These tests seem full of flaws or I am missing a lot of stuff here. Plus the wording is terrible, does "150 participants who were given a text of 1,000 words to read" mean they were given 2 texts, one scifi, and the other ordinary drama or just 1 text. I am curious as to know who these 150 readers were? Were these people taking classical fictional literature classes or people taking anything but classical fictional literature? Or picked by random? Would anybody be surprised if 150 people who avidly read science fiction were to read the narrative realism piece of text and overwhelmingly find it boring?
This seems harmless enough until the search engines pick it up. "Readers of the science fiction story" got shortened to "science fiction readers" and while I don't know who made the switch, they don't mean the same thing to me. It is true only in the context of that one article and I think you might have to read it twice to realize that science fictions does not refer to anyone reading science fiction. In the search engine results it will show up as the full sentence: "Science fiction readers scored lower in comprehension, generally, and in the subcategories of theory of mind, world, and plot.”
This could be nit picking but is it really science fiction when all you do is replace a few simple words to change the setting? First it was written from a feet on the ground point of view, then supposedly switched to one of hurtling through space. Is that just hack writing? Does a crude attempt to change the wording get noticed by the readers? When a writer is practicing formula writing because they know the formula to be successful don't they change a lot more than just a few words for each type of story to make the writing successful?

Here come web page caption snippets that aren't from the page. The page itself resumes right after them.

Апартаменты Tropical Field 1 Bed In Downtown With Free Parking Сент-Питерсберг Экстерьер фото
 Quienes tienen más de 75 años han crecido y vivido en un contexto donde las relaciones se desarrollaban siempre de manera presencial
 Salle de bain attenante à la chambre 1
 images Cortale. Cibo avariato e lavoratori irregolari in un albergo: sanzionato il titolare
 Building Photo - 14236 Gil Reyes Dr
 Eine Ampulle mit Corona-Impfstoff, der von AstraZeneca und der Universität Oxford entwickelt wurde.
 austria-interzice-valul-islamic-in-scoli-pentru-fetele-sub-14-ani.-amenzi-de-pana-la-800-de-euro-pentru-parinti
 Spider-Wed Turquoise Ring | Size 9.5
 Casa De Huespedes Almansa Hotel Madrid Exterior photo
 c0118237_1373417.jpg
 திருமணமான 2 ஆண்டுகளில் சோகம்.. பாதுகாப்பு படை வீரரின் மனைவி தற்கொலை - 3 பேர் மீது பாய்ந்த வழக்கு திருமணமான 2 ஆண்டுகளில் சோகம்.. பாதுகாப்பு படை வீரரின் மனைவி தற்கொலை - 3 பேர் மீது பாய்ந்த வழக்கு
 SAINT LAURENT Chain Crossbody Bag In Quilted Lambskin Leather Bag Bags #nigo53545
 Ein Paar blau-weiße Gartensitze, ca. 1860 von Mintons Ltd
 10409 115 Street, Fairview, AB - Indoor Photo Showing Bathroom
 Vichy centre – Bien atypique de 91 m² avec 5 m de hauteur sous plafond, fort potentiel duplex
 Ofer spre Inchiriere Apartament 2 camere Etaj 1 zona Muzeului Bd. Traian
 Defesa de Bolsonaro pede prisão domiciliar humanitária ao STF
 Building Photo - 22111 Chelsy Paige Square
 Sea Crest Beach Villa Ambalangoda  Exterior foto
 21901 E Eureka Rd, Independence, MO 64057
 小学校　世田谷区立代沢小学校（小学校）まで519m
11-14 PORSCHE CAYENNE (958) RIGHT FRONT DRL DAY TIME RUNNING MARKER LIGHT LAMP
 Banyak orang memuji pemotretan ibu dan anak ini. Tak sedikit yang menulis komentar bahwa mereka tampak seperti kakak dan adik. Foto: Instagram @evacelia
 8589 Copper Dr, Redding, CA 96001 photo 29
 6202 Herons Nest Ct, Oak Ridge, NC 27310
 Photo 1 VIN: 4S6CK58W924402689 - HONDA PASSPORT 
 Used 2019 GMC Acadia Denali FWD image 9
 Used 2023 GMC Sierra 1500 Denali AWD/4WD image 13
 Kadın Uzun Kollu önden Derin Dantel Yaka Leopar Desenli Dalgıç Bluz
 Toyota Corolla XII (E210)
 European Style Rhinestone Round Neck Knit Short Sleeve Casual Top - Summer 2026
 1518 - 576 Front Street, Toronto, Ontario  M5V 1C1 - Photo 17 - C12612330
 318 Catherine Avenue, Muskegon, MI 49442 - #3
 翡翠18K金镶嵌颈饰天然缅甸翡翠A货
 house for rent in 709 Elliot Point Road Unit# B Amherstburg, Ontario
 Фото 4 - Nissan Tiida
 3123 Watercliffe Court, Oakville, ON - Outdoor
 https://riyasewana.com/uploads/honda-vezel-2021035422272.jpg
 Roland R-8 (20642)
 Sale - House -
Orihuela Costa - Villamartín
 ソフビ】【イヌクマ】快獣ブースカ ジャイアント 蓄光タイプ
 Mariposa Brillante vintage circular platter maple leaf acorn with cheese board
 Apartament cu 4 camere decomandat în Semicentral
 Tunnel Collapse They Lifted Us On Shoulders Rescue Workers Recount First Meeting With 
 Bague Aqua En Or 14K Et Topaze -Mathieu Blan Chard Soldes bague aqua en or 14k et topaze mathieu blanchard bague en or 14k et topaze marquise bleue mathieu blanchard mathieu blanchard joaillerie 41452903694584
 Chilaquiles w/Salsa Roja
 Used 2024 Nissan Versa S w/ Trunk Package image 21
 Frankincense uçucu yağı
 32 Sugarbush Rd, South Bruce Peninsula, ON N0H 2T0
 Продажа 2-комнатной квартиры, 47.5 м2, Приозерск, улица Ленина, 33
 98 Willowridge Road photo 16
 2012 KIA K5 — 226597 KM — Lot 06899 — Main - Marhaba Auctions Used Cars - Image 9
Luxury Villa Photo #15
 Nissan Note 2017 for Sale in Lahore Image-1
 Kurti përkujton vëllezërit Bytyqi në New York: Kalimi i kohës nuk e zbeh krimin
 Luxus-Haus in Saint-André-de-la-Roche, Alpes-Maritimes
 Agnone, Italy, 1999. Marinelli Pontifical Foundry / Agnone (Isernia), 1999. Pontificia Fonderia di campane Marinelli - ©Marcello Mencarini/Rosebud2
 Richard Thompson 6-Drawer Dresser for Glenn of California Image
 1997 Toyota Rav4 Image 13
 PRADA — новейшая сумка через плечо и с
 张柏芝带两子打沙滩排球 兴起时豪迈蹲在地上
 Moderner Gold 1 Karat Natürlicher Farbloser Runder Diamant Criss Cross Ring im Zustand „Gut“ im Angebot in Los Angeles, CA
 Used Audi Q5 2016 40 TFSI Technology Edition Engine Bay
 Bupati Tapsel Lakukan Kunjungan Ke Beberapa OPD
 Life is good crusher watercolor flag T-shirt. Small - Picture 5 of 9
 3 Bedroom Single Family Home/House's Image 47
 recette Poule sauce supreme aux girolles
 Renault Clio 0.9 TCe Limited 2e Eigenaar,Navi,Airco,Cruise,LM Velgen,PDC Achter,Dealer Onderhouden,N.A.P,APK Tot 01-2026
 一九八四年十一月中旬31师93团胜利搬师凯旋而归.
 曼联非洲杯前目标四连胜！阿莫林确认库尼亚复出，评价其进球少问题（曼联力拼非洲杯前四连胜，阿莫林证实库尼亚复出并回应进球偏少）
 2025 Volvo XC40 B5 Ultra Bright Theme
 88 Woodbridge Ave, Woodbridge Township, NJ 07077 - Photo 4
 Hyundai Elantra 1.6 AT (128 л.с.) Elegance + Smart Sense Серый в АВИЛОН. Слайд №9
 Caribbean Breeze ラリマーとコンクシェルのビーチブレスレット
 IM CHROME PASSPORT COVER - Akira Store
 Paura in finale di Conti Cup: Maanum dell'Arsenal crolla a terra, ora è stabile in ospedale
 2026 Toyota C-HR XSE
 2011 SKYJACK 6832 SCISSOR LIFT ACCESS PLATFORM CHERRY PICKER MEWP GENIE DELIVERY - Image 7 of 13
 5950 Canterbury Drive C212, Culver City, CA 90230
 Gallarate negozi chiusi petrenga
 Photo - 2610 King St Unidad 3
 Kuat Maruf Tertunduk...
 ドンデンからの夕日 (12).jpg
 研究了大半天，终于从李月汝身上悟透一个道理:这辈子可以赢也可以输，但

The guy running the survey wants to run more surveys on more genres because he wonders if subjects that readers are reading can have an impact on their attention span and comprehension of what they are reading. It has been my understanding that when people are biased about something they are less likely to want to know everything about the subject and more likely to form opinions based on partial or even wholly fictional understandings of whatever they are biased against. A better study would be how does a person's bias for one subject interfere with a person's ability to carry out competent work in that subject, or better yet, in unrelated subjects.